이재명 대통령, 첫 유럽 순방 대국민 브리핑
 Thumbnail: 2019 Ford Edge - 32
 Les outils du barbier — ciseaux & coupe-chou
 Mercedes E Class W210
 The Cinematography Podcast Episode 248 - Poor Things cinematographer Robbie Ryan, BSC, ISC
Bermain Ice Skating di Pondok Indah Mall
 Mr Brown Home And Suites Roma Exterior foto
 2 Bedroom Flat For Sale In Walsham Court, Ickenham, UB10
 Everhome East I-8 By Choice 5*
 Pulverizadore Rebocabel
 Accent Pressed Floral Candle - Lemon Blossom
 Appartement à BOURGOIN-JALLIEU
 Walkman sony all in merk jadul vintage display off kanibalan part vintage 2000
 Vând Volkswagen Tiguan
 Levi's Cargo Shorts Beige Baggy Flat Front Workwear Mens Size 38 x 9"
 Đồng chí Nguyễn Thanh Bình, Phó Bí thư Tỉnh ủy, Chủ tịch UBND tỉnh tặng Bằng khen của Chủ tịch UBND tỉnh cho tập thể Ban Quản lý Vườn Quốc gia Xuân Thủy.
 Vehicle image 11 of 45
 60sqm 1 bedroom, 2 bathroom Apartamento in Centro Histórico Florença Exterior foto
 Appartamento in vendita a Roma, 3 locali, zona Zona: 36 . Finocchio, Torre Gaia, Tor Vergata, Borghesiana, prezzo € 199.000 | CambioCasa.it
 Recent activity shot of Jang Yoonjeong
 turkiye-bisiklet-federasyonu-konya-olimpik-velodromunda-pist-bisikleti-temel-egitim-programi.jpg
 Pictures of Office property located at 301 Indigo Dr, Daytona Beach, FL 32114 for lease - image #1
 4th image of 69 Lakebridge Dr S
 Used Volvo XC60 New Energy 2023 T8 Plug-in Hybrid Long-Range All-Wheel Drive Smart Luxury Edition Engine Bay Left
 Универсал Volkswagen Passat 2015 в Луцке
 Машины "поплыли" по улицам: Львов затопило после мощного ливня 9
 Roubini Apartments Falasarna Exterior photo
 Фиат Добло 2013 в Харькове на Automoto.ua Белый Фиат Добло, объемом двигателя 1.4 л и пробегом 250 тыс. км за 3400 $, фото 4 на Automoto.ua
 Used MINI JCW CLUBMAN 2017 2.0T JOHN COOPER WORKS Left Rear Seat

■ To do ■
Give back exactly the lines from the one that contains "Used Volvo XC60" to the end of the material, both ends kept, and no other line.

■ Task response ■
 Used Volvo XC60 New Energy 2023 T8 Plug-in Hybrid Long-Range All-Wheel Drive Smart Luxury Edition Engine Bay Left
 Универсал Volkswagen Passat 2015 в Луцке
 Машины "поплыли" по улицам: Львов затопило после мощного ливня 9
 Roubini Apartments Falasarna Exterior photo
 Фиат Добло 2013 в Харькове на Automoto.ua Белый Фиат Добло, объемом двигателя 1.4 л и пробегом 250 тыс. км за 3400 $, фото 4 на Automoto.ua
 Used MINI JCW CLUBMAN 2017 2.0T JOHN COOPER WORKS Left Rear Seat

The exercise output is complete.